**Description of the task:** Each entry below should be output exactly, apart from its images.

• • • •

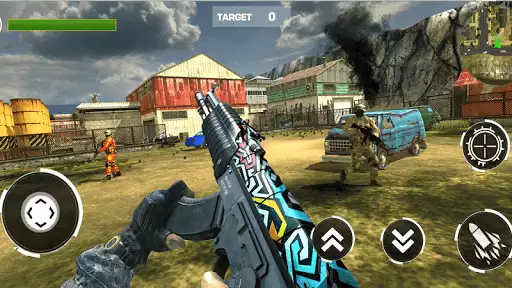 Play Critical FPS Gun Strike Ops : Action Shooting Game as an online game Critical FPS Gun Strike Ops : Action Shooting Game with UptoPlay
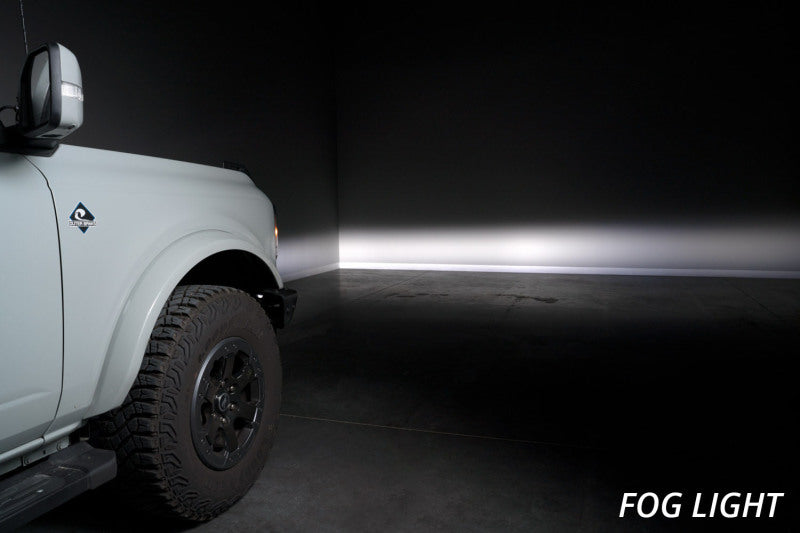 Diode Dynamics 2021 Ford Bronco Stage Series Fog Pocket Kit - White Pro - DD7180 for 2021-2026 Ford Bronco - detail view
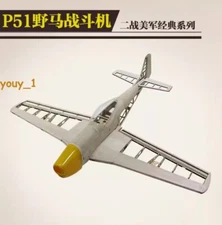 Airplane Model P51 Kit Hardware RC Plane Balsa Laser Cut Accessories Skin Wood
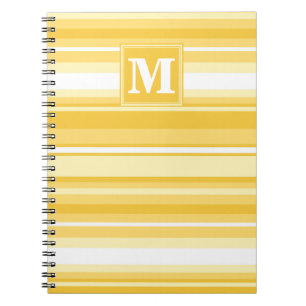 Monogram yellow stripes notebook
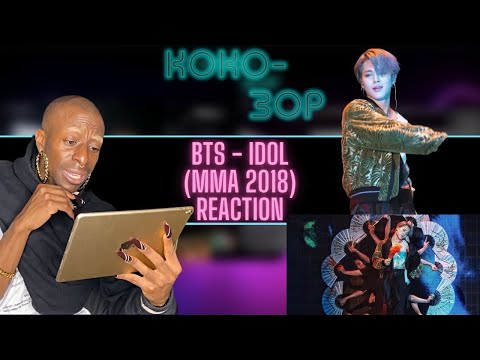 EX-BALLET DANCER REACTS to BTS - IDOL (MMA 2018)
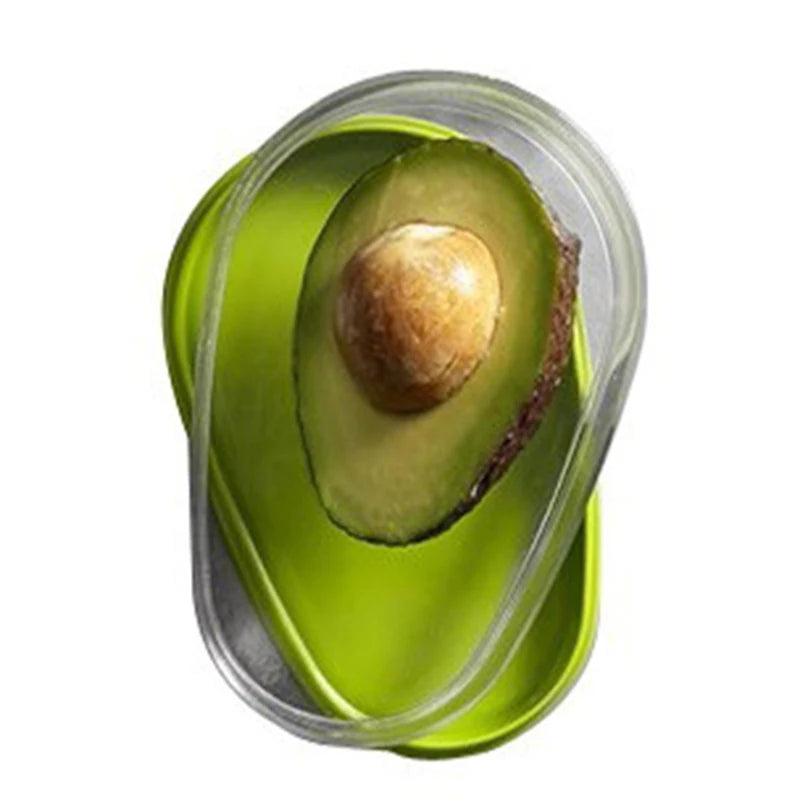 Avocado Food Storage Box Space Saver Plastic Fruit Container for Home Tool Kitchen Crisper Vegetable Organizer Bag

• • • •

**Finished exercise:**
 Play Critical FPS Gun Strike Ops : Action Shooting Game as an online game Critical FPS Gun Strike Ops : Action Shooting Game with UptoPlay
 Diode Dynamics 2021 Ford Bronco Stage Series Fog Pocket Kit - White Pro - DD7180 for 2021-2026 Ford Bronco - detail view
 Airplane Model P51 Kit Hardware RC Plane Balsa Laser Cut Accessories Skin Wood
 Monogram yellow stripes notebook
 EX-BALLET DANCER REACTS to BTS - IDOL (MMA 2018)
 Avocado Food Storage Box Space Saver Plastic Fruit Container for Home Tool Kitchen Crisper Vegetable Organizer Bag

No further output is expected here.